Moving Money Laundering Investigations into Top Gear
Standard Chartered Bank, headquartered in the UK, has agreed to settle charges by New York’s banking regulators that it engaged in as much as $250 billion of illicit banking transactions on behalf of Iran in recent years. The bank is paying $340 million to end this legal fracas, but this is not the end of its troubles, just the beginning.
The core claim against the bank is that it violated US sanctions on financial dealings with Iran by enabling the Iranians – oil companies, the central bank and others – to deposit money in the United States. We do not know where the money went and how the Iranians used their cash.
I know Mr. Sands and have a great deal of respect for his intellect. When it comes to understanding the enormous complexity of international banking regulation then, and I know this from first hand personal experience, he is as sharp as a razor. While the U.K. establishment may well strive to assert that the new settlement had to be made for the bank to keep its U.S. business license, there will be a great deal of questioning behind the scenes about how someone as smart as Peter Sands could have let this happen on his watch.
This is just the kind of question that investigators at the U.S. Department of Justice and other U.S. authorities may well be asking right now. They are all looking closely at Standard Chartered. Moreover, the New York case signals a major increase in efforts by the U.S. banking and justice authorities to investigate banks that may have been engaged in money laundering – breaking U.S. laws by illicitly enabling foreign customers, from Mexican drug lords to Iranian government officials, to get cash into this country.
In almost every such case the names of the real owners of the cash are hidden, dummy companies are established to hide their identity and so many complex financial games are played that it is very tough to determine whose cash it really is and how it has been used. Only recently, a U.S. Senate report alleged massive illicit transactions on behalf of the Central Mexican drug cartels, perpetrated in the U.S. by another U.K. headquartered bank, the giant HSBC.

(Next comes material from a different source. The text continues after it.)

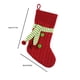 thumbnail image 3 of 18 Inches Christmas Socks In Apron Christmas Stocking Knitted Christmas Decorations Stocking Red White With A Pockets Letter Stockings For Family, 3 of 6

Make no mistake, there is a lot of profit to be made in handling this “dirty” cash; there are a lot of clever lawyers around who strive to find legal loopholes that give the appearance that the transactions are legitimate; and there are auditors around who do not ask too many questions.
With Standard Chartered now in the firing line, HSBC having just got hit, and the U.K.’s Barclays Bank accused of manipulating interest rates, the British banks are having a rough time. So much so that there are British politicians and bankers keen to spread the word that the allegations are hyped and mostly motivated by New York’s envy of London’s success as a global financial center. This is errant nonsense. Real crimes are involved, which is exactly why Standard Chartered is still under serious investigation, despite its New York settlement.